Abstract
Cancer is a difficult disease to treat particularly in low socioeconomic strata. There are three major challenges: that of early detection, of affordability and easy accessibility to specialised health care. The complexity of health care delivery, lack of structured grassroots level training program for early cancer detection, the shortage of well-equipped hospitals compounds the challenge of detecting as well as treating cancer in village based India. We have tried to reach out to rural population, through district level anti-cancer programs. These included holding (1) free detection camps to find cancers early, (2) training of doctors at district level in early detection (3) wherever feasible, offer radical surgery at the district hospitals itself and (4) train doctors, nurses on relevant palliative care issues including home care of dying cancer patients. We believe that our experience of carrying out more than 200 free cancer detection camps and performing radical surgeries in an outreach program in several districts of central India and surrounding States have the practical potential of a national model for low cost cancer treatment.

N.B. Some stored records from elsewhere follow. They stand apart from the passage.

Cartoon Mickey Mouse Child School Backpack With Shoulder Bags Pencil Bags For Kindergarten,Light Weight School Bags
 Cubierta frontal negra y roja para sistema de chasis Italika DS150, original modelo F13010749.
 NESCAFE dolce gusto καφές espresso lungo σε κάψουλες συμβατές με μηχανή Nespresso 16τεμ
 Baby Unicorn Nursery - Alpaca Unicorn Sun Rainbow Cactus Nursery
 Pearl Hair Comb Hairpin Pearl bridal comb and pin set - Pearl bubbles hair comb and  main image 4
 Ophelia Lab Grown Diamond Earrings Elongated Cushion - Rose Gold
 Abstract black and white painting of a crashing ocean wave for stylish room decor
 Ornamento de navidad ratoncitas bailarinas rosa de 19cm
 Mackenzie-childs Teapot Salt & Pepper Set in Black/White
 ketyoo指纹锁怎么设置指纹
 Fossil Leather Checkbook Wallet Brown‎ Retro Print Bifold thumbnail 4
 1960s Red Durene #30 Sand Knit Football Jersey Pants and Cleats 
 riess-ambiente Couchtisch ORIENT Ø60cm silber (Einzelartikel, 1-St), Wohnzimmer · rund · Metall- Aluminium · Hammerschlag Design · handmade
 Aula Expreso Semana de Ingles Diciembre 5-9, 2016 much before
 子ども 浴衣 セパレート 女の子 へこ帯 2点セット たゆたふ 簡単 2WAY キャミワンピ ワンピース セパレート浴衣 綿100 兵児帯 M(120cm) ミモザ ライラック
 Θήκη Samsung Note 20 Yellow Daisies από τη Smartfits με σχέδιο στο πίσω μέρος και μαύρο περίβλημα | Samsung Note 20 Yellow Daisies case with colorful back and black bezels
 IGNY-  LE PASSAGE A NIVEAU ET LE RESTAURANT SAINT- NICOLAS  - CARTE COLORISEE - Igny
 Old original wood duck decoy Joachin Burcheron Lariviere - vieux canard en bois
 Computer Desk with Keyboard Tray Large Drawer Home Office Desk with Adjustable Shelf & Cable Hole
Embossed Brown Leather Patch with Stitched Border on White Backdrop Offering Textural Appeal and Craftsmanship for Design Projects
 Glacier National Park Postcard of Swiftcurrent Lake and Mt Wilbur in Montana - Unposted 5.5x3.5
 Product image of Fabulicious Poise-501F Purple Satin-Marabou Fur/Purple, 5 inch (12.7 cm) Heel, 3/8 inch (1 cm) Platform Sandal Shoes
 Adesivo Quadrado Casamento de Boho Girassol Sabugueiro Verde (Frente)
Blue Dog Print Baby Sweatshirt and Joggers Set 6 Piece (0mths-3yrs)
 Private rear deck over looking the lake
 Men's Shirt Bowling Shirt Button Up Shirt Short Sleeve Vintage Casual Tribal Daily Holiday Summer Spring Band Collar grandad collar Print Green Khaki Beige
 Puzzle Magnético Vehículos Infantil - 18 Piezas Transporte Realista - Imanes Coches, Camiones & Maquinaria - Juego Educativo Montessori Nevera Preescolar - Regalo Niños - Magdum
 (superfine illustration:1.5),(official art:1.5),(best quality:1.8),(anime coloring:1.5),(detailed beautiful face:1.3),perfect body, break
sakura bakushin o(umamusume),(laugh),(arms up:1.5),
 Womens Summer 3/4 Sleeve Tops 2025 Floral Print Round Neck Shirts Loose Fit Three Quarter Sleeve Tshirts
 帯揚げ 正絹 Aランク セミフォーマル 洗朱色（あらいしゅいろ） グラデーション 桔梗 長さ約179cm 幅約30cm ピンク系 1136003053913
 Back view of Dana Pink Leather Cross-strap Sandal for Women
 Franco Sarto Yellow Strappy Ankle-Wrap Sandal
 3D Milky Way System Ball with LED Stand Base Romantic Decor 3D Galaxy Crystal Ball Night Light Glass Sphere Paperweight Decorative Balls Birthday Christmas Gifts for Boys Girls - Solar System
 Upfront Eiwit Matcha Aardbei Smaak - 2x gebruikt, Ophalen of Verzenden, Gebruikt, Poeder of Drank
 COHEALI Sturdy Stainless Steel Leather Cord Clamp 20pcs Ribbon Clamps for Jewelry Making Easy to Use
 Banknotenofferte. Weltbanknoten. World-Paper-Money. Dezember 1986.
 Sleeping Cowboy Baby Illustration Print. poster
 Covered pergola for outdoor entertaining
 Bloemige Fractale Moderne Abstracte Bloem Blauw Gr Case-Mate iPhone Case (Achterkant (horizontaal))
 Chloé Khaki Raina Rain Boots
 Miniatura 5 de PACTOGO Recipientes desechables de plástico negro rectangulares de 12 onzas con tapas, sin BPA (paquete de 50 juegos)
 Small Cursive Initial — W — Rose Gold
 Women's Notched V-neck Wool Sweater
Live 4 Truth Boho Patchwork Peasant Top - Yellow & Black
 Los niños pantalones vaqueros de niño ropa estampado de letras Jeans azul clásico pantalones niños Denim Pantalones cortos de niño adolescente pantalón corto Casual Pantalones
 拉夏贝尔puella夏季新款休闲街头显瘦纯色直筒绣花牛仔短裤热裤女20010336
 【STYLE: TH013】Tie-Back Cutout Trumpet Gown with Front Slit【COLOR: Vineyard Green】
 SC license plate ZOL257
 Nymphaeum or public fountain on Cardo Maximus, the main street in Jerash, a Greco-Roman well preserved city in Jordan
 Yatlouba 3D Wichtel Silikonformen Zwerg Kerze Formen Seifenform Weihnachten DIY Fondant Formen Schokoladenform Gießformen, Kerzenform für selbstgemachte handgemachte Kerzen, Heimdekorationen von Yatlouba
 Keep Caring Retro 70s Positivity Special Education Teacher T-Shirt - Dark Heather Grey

Keywords: Cancer cost reduction, District hospitals India
Introduction
Incidence of cancer varies from one geographic region to another. According to IARC, a specialised cancer agency of the World Health Organisation, cancer is a growing global health threat. One in five men and one in six women worldwide are likely develop cancer during their lifetime, and one in eight men and one in 11 women die from it [1].
Clearly growing number of cancer cases in India is a matter of concern. Even though India is a young country demographically, establishment of population based cancer registries has facilitated availability of data. For example we now know that in India, the number of new cancer cases in 2018 among male and female and in all ages stood at 1,157,294 [2]. We also know that amongst various cancer types and subtypes head and neck cancers are a significant problem in our country constituting approximately one-third of all cancer cases in contrast to 4–5% in the developed world [3]. High incidence of cancers in India; of upper aero digestive tracts namely that of oral cavity, oropharynx and laryngopharynx and its preponderance in poor strata [4] was the reason of embarking on a series of cancer detection, training and cancer surgery programs in several districts over last 28 years. These camps or training programs were held in most districts of Madhya Pradesh, and in parts of Rajasthan, Chhattisgarh, Gujarat and Maharashtra.
Clinical Data
Oral Cancer Prevention Mouth Self-Examination
Head and neck cancers have preventive potential in view of a biological history and presence of precancerous lesions. We carried out house to house survey to get information on tobacco ‘abuse’ patterns. As a part of this project 69,000 individuals were interviewed and examined within a period of 1 year. In this project, we trained primary health workers in ‘mouth self-examination. This program warranted regular field visits. When data was analysed, amongst tobacco users, the ratio of men to women was 3.3–1.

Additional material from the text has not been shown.